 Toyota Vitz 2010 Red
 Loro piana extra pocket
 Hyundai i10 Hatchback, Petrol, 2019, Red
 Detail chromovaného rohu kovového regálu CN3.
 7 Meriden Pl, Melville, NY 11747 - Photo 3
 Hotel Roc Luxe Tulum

---

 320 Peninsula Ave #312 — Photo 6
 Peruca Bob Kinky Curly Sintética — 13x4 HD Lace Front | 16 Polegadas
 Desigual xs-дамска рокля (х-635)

> _Aim of the exercise_
Copy out every line of the records that the string "Photo" appears in.

> _Result for this task_
 7 Meriden Pl, Melville, NY 11747 - Photo 3
 320 Peninsula Ave #312 — Photo 6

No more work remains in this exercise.